Thanks for the memories, said Paul Pogba, as he left Juventus and they thanked him for providing their back account with the biggest sum ever committed to the transfer of an individual footballer.

Pogba went back to Manchester United, from where Juve had recruited him as a teenager. Alvaro Morata, meanwhile, went back to Real Madrid, from where Juve had found him two years earlier aged 21.

Morata spoke eloquently of how much he had learned at Juve. “Italy is the hardest place for a striker to shine,” he said anticipating his return to his native Spain, and to Madrid, the champions of Europe. “But it’s the best place to learn.”
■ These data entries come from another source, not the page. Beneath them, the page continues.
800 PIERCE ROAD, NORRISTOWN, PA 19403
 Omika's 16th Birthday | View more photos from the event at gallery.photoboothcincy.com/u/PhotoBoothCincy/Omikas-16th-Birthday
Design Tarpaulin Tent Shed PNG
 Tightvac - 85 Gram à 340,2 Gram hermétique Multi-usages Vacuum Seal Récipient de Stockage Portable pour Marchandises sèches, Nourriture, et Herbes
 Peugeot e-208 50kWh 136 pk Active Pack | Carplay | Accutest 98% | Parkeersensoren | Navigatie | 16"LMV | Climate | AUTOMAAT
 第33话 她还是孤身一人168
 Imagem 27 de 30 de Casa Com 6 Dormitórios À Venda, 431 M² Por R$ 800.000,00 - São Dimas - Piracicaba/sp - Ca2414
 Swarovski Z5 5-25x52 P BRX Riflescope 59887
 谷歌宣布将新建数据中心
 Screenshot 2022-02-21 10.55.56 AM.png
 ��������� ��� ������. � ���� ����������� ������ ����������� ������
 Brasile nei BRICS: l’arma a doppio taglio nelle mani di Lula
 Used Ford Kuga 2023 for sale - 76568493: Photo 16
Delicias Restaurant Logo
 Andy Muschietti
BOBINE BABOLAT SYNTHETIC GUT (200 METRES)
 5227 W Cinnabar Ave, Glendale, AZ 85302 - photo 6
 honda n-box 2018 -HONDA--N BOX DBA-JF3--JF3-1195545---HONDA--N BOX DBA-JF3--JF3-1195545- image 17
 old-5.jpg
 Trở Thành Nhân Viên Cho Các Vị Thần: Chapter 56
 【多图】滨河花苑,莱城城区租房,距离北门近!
• More: 5 players to watch in Serie A this season

But Serie A should be more than a finishing school for aspiring finishers, or would-be Ballons D’Ors winners, as Pogba clearly aims to be.

A principal hope for the Italian league season that begins Saturday is that it will have a compelling, classy title race even if it seems unlikely that the clubs disputing that can be the trio that used to do so in the days, the 1990s, when Italy undoubtedly housed the most glamorous and richest domestic competition in the sport.

The Milan clubs, Inter and AC Milan, have deep structural problems that have been going on long enough now that the upper rung of expectation at San Siro is merely to try and scrape into the Uefa Champions League, via a spot in the top three.

The frailties of Inter and Milan – who both have new managers, with Frank de Boer at Inter and Vicenzo Montella at Milan – do make things easier for Juventus, who on Saturday take on Fiorentina as the first step in the chase for a sixth successive Serie A title.

That run of titles puts them into the kind of territory not even Bayern Munich or Paris Saint-Germain have yet built up in two leagues, Germany’s and France’s, that have become a little derided for the predictability of their outcomes.

This summer, more than any before, Juve are spoken of as a ruthlessly relentless institution, and not only because they have been reigning champions for so long.

Like Bayern tend to, they have systematically preyed on their nearest rivals in the transfer market.

The swoop to take Gonzalo Higuain from Napoli by paying his buyout clause, of €90 million (Dh 374m), has animated the lead-up to the season far more than the sale of Pogba, whose fee clearly helped Juve to be so bold in signing the Argentinian.

Higuain’s 36 goals in the league last season made Napoli real contenders to put a new name on the championship shield. There is great venom in some of the Neapolitan reaction to his departure.

“That’s the way Juve work,” fumed Aurelio De Laurentiis, the Napoli president. Evidently, it is.

Miralem Pjanic, Roma’s creative fulcrum for the last five years, is now a Juve player, too. The top dogs have taken a big bite out of the last second- and third-placed finishers.

Can Napoli chase again as effectively as they did for two-thirds of the last campaign? Replacing Higuain will be hard, and much looks likely to depend on the effectiveness up front of Arkaduisz Milik, the young Polish striker signed by De Laurentiis from Ajax.

Roma need to maintain their recent habit of starting well, but must add to that a stamina through the winter months.

Long-term endurance is at issue at Roma in several respects.

Francesco Totti is still there. Well before he turns 40 next month, ideas will form about whether he can be an effective supersub or just an overbearing figure casting an ominous shadow from a bench he would rather not be sitting on, ruminating on the better times, when he was a giant in a league that was out on its own as the very best.